Zweitens: Nutzen Sie die „En Prison“-Regel im Französischen Roulette. Wenn Sie 50 € auf eine Gerade‑Wette setzen und die Null fällt, bleibt das Geld „eingesperrt“ und wird beim nächsten Spin zurückgezahlt, falls Sie gewinnen. Ohne diese Regel würden Sie sofort 50 € verlieren – das entspricht einer zusätzlichen Rendite von etwa 0,10 % pro Spin.
Drittens: Achten Sie auf die minimale Einsatzgröße. Bei 0,10 € Mindestwette bei einem Echtgeld-Tisch kann ein einzelner Verlust über 30 % Ihrer täglichen Bankroll ausmachen, wenn Sie 5 € Einsatz pro Spin planen und plötzlich die Null auftaucht.
Und noch ein Hinweis: Viele Spieler überschwemmen ihre Konten mit angeblichen „freie Geschenke“, weil sie glauben, das Casino sei großzügig.
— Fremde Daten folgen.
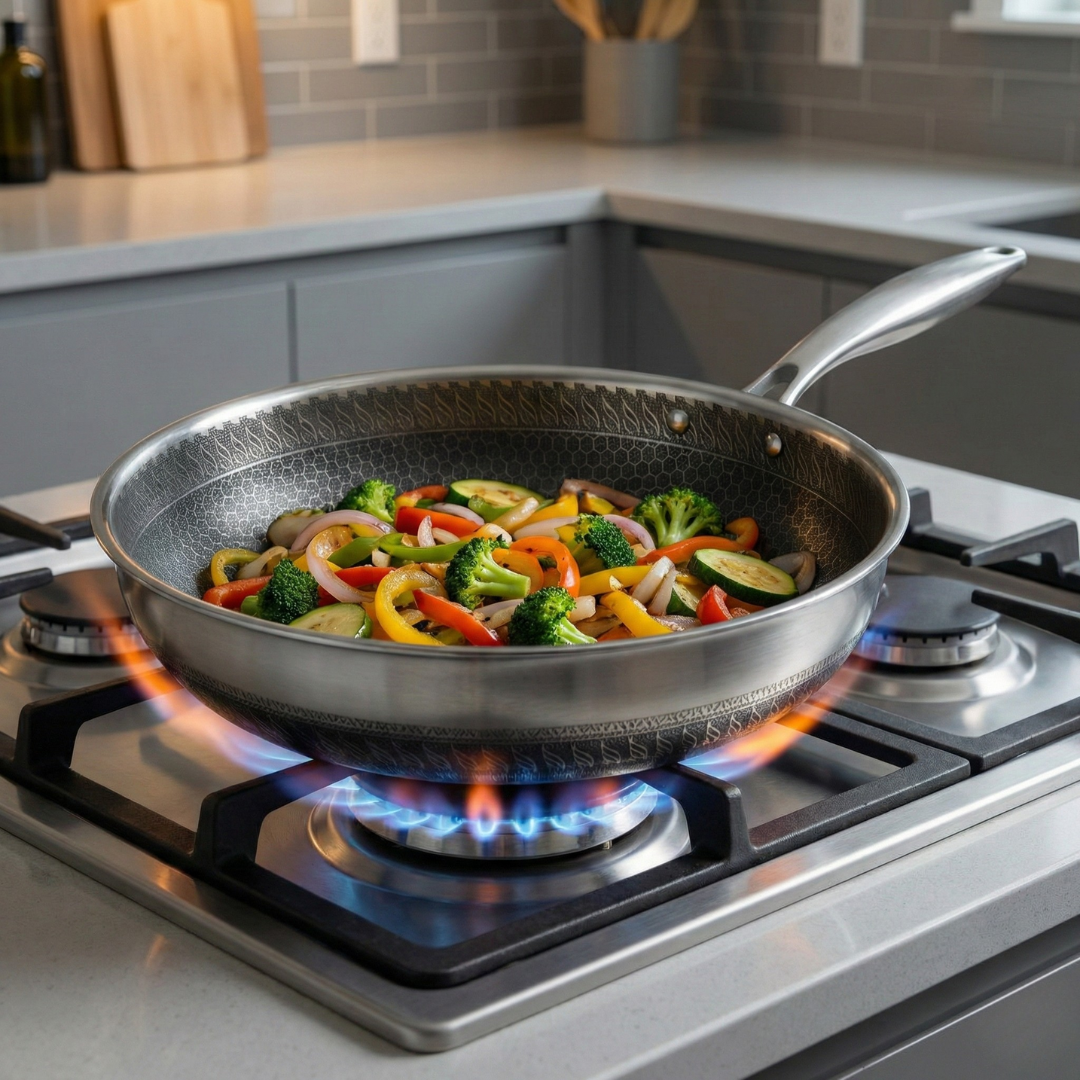 Hive & Heat Hybrid Deep Sauté Pan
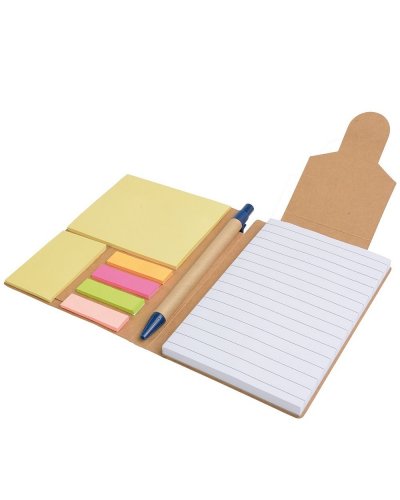 Block notes A6 ecologico in carta con penna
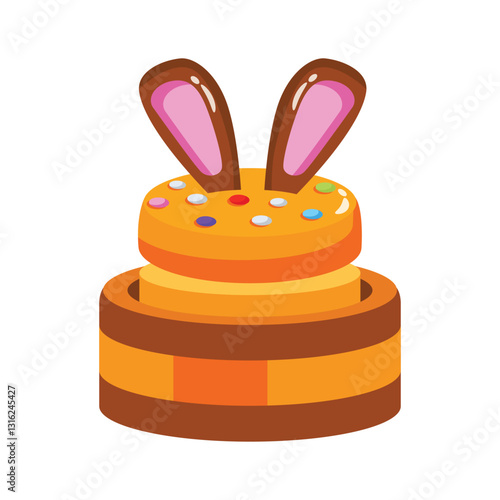 Get a glimpse of easter cake with bunny ears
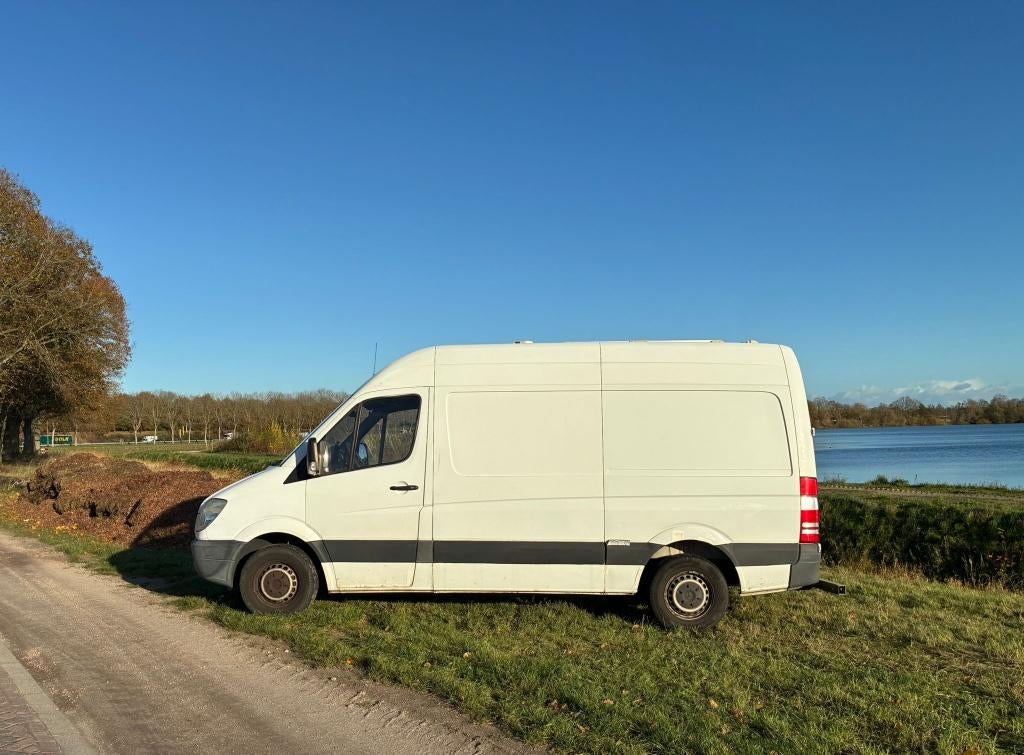 Mercedes Sprinter Camper 2008 | Off-grid | APK 10-2026, Caravans en Kamperen, Buscamper of Camperbus, Half-automaat, Koelkast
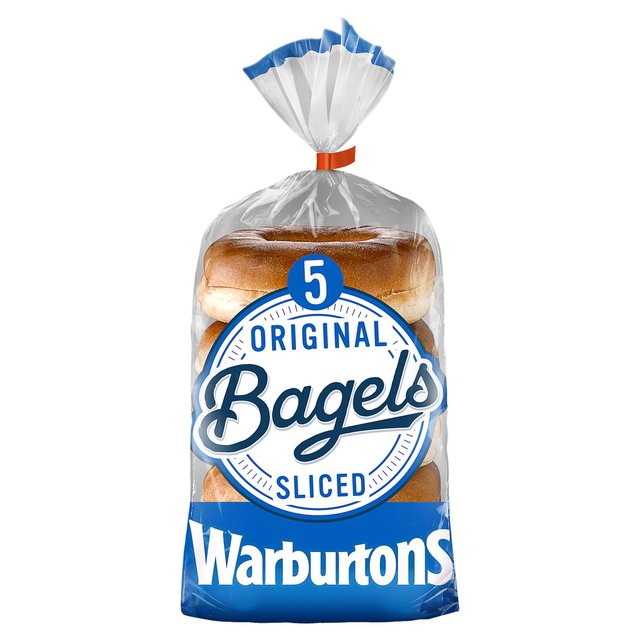 Warburtons Plain Bagels   5 per pack GOODS M&S   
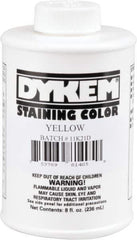 Dykem - 8 Ounce Yellow Staining Color - Brush in Cap Container - Exact Tool & Supply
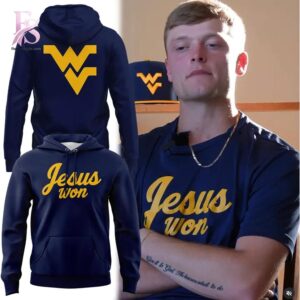 Premium view of West Virginia Mountaineers Jesus Won Hoodie 1 with a bold design and everyday appeal.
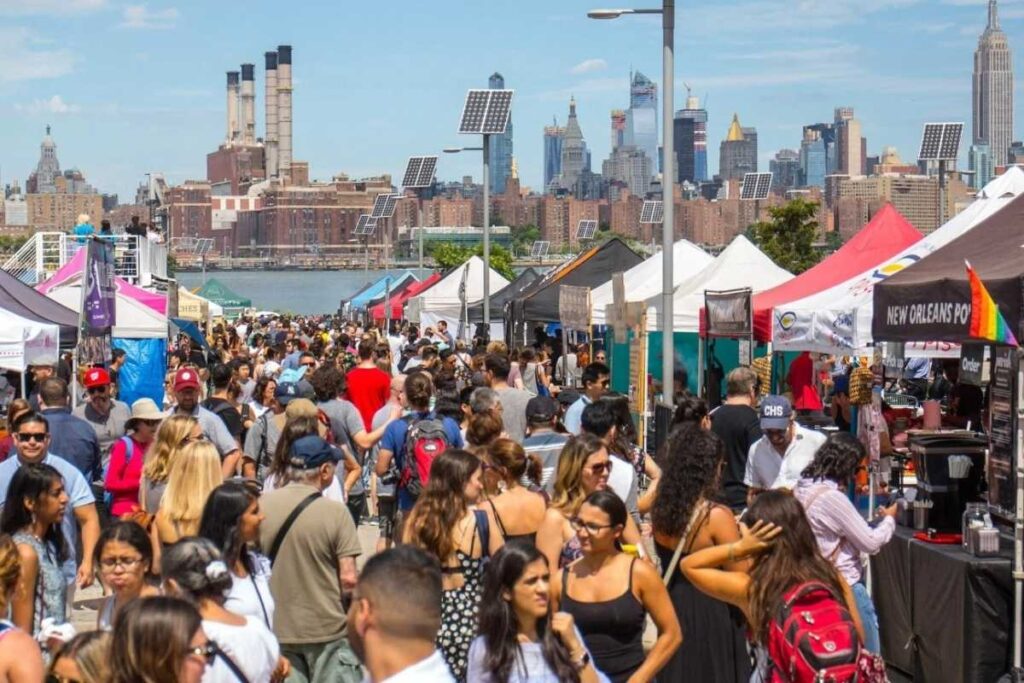 onde comer em Williamsburg na feira Smorgasburg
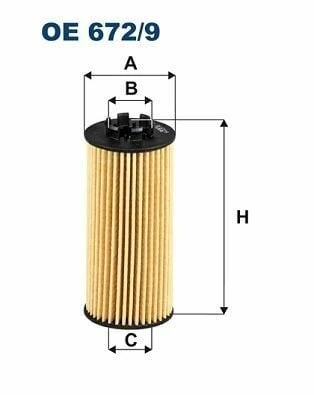FILTRON OE672-9 | Yağ Filtresi BMW B37 B38 B47 B48 F40 F45 F46 F48 F39 Mini F54 F55 F56 F60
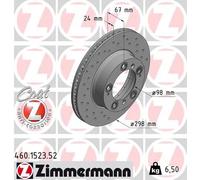 2x Disco freno ventilazione interna 460.1523.52 ZIMMERMANN per PORSCHE BOXSTER
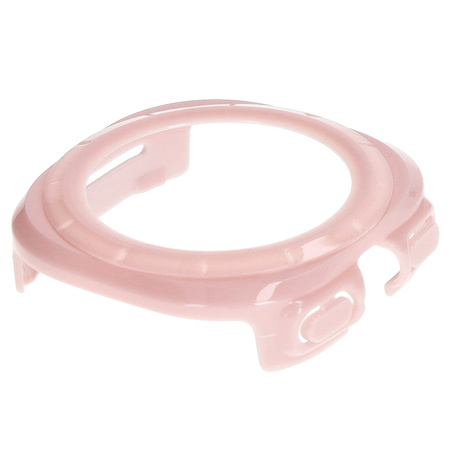 Etui ze szkłem do zegarka Bizon Case+Glass Watch do Galaxy Watch Ultra 47 mm, różowe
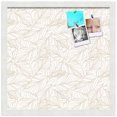 thumbnail image 2 of PinPix 18x18 Custom Cork Bulletin Board White Sand Poster Board Has a Fabric Style Canvas Finish, Framed in White Sand, by ArtToFrames (PinPix-1880), 2 of 5
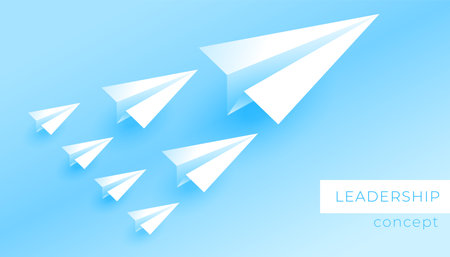 origami style plane leading with a strong corporate culture vectorのイラスト素材
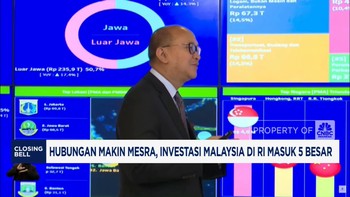 Video: Hubungan Makin Mesra, Investasi Malaysia di RI Masuk 5 Besar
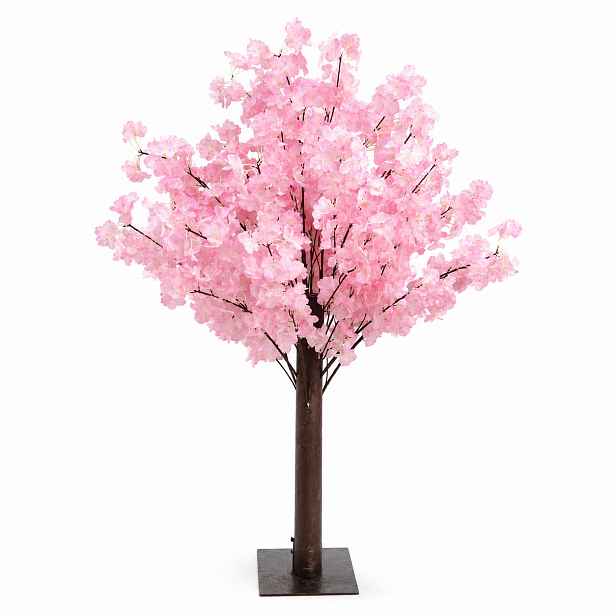 Umělý Stromek Sakura 200 CM Růžový Višeň Základ Dekorace Svatební Hostina Svatba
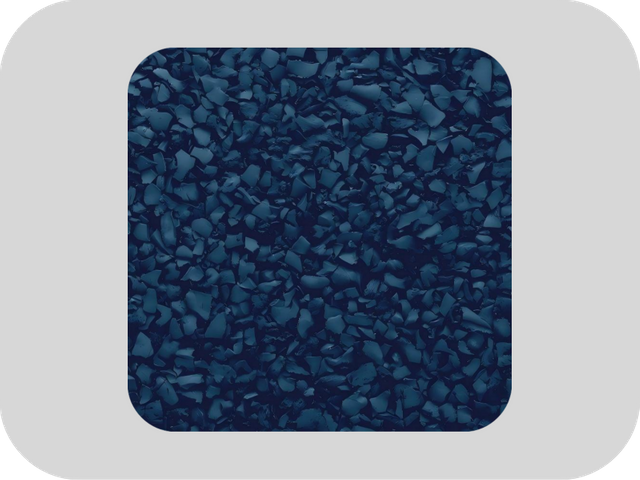 Gr&aacute;nulos de caucho EPDM antioxidante azul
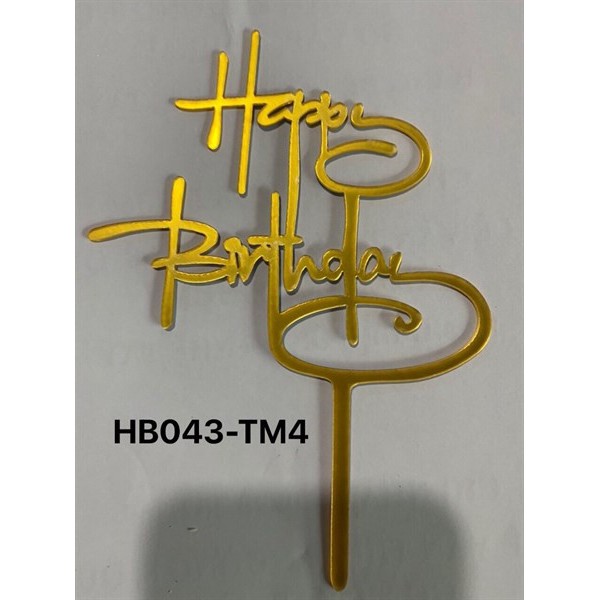 Que cắm chữ mica HPBD - 10 cái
Die Wahrheit ist, dass das Casino nie „gratis“ Geld verteilt – jedes „gift“ ist ein Kalkül, das die Null in die Gewinnformel schiebt.
Zum Schluss noch ein Ärgernis, das Sie beim nächsten Spiel wohl noch nicht bemerkt haben: Die Schriftgröße der Gewinnanzeige bei Roulette ist so winzig, dass man kaum die „0“ von der „00“ unterscheiden kann, wenn man bei schlechten Lichtverhältnissen spielt.